Each member, including the Chair, will be appointed to the Committee for a three-year term subject to a maximum of two terms of continuous service. The membership will automatically end at such time as a member ceases to be a board member.
The quorum for Committee meetings will be a minimum of two Committee members.
The Committee will hold at least four meetings per annum. The Committee may meet more frequently as necessary.
The Company Secretary will act as Secretary of Committee meetings.

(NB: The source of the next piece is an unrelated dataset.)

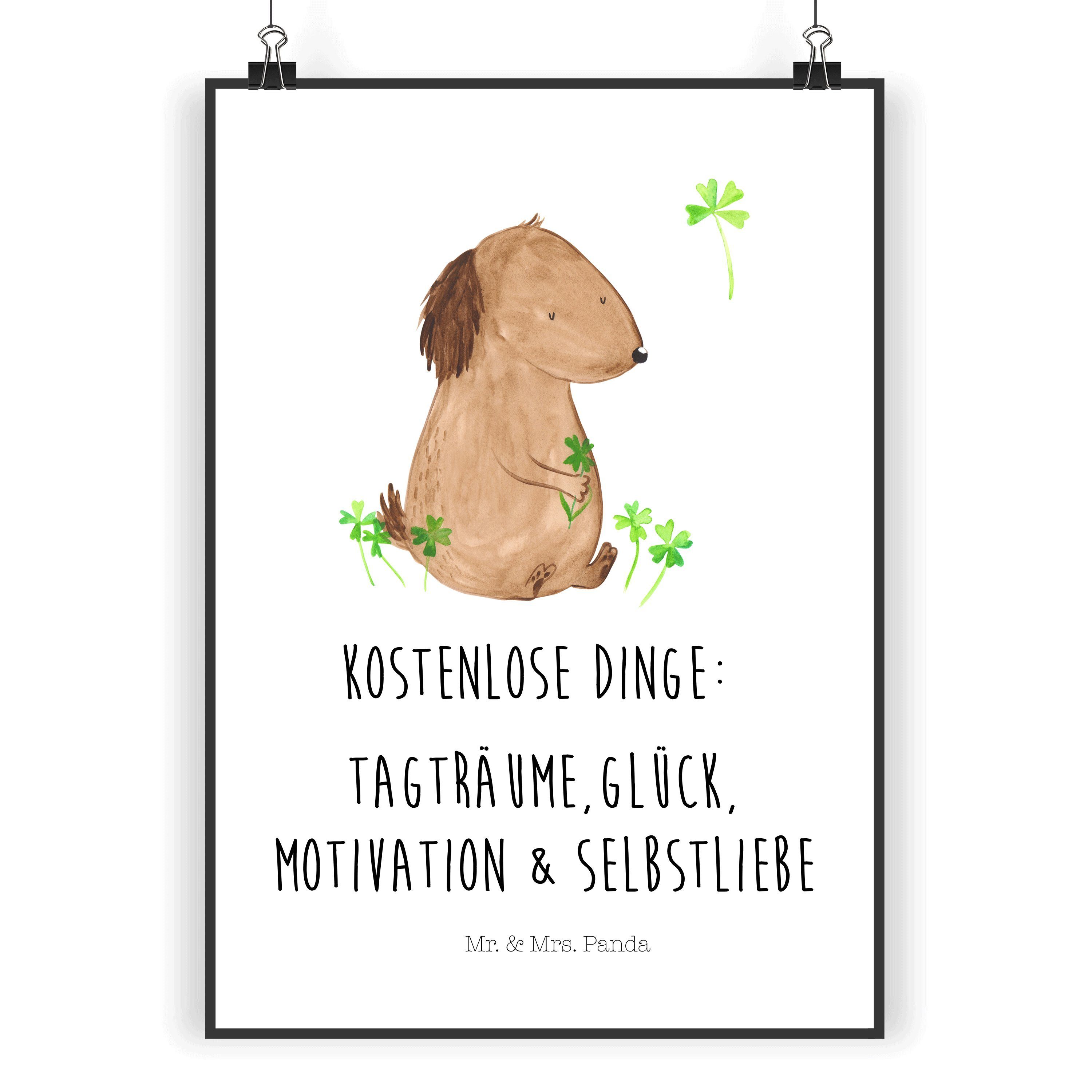 Poster DIN A4 Hund Kleeblatt - Weiß - Geschenk, Hunderasse, Tagträume, Poste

In his or her absence, the Committee may appoint a secretary for the meeting.
The minutes of the Committee meetings will be circulated to the Board and the Committee Chair will report its findings and recommendations directly to the Board.
Any member of the Committee may participate in a meeting thereof conducted wholly or in part by telephonic means whereby all persons participating in the meeting can hear each other speak (and participation in a meeting in this manner will be deemed to constitute presence in person at such meeting).
Reasonable notice shall be required to be given for any meeting of the Committee.
The Chief Commercial Officer, the President and the Chief Executive Officer will be entitled to attend all meetings of the Committee, except when the committee meets in Executive Session.
Additionally the Chairman of the Board will be entitled to attend meetings of the Committee.
The Committee will have authority to access such internal and external resources as deemed necessary or appropriate by the Committee to fulfil its defined responsibilities, including engagement of consultants and other professional advisors. The Committee shall have sole authority to approve fees, costs and other terms of engagement of such outside resources. Generally such independent input will be sought with the knowledge of the Chairman and the Chief Executive Officer.
The Committee shall review, discuss and assess its own performance at least annually. The committee shall also periodically review and assess the adequacy of this Charter, including the Committee’s role and responsibilities as outlined in this Charter, and shall recommend any proposed changes to the Board for its consideration.